▸ **Information provided**
- - -

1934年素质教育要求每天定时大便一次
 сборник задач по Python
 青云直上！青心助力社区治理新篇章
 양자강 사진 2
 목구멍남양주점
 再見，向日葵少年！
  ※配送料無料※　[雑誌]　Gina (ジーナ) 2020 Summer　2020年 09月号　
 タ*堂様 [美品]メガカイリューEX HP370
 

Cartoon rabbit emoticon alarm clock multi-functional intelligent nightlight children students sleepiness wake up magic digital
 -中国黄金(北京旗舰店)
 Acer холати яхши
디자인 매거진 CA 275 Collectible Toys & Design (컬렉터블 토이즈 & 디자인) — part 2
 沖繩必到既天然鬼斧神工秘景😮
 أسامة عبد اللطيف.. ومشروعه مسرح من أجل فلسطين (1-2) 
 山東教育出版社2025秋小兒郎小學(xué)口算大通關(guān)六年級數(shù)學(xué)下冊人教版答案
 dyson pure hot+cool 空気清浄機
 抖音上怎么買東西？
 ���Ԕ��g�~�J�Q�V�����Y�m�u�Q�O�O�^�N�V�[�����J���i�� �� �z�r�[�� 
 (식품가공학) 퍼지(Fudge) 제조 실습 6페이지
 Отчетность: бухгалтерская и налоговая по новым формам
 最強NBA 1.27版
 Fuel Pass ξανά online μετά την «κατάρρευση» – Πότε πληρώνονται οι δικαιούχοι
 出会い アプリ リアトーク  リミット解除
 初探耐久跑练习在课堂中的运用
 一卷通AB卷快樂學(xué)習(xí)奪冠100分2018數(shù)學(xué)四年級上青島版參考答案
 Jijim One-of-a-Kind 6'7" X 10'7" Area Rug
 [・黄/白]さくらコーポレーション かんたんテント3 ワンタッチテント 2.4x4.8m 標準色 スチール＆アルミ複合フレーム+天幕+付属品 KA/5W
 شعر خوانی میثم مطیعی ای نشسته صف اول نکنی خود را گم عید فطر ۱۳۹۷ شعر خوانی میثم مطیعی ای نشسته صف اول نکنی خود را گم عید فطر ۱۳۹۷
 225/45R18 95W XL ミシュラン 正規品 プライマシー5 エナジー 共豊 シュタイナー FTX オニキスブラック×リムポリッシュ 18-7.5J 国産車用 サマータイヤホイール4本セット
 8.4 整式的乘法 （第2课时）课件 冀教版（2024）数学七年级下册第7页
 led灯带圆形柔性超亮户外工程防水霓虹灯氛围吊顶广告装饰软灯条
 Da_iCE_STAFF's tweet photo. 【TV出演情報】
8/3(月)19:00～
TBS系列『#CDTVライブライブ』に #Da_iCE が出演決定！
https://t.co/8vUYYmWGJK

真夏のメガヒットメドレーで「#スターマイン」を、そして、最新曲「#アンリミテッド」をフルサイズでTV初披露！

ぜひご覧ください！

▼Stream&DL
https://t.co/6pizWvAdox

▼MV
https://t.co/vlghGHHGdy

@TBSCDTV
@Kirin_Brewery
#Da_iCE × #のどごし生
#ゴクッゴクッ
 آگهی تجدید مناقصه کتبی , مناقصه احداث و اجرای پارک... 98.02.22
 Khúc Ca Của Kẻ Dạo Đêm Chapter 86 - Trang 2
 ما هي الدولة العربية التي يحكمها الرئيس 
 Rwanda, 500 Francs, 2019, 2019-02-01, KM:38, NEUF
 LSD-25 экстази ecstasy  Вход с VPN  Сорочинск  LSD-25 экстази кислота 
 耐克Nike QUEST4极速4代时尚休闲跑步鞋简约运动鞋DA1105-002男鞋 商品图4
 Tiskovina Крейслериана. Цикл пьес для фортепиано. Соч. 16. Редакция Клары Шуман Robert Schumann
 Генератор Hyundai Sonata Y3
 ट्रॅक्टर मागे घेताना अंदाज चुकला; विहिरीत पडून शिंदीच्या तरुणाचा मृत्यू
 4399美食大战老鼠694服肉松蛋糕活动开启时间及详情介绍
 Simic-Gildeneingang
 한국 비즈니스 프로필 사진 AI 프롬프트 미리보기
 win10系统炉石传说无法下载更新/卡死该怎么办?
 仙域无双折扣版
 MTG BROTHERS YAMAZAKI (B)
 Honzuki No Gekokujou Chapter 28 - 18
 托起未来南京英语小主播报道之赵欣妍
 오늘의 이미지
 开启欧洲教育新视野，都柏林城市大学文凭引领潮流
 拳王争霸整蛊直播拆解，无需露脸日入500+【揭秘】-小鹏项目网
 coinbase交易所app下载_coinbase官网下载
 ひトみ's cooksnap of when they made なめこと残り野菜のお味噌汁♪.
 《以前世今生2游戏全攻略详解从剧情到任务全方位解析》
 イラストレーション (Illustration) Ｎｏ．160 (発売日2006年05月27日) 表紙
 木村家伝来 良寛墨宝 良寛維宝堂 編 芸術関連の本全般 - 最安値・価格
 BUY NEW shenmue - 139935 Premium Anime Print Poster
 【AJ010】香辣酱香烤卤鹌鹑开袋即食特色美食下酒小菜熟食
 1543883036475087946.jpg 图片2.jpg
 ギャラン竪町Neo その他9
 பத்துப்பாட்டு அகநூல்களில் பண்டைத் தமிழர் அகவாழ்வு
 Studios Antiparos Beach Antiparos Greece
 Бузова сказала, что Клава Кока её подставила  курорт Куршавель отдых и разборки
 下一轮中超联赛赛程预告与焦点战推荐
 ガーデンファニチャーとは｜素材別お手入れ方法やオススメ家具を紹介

- - -

▸ **What you are asked to do**
Take every line of the material that contains the word "Chapter", and copy it.

▸ **Written solution**
 Khúc Ca Của Kẻ Dạo Đêm Chapter 86 - Trang 2
 Honzuki No Gekokujou Chapter 28 - 18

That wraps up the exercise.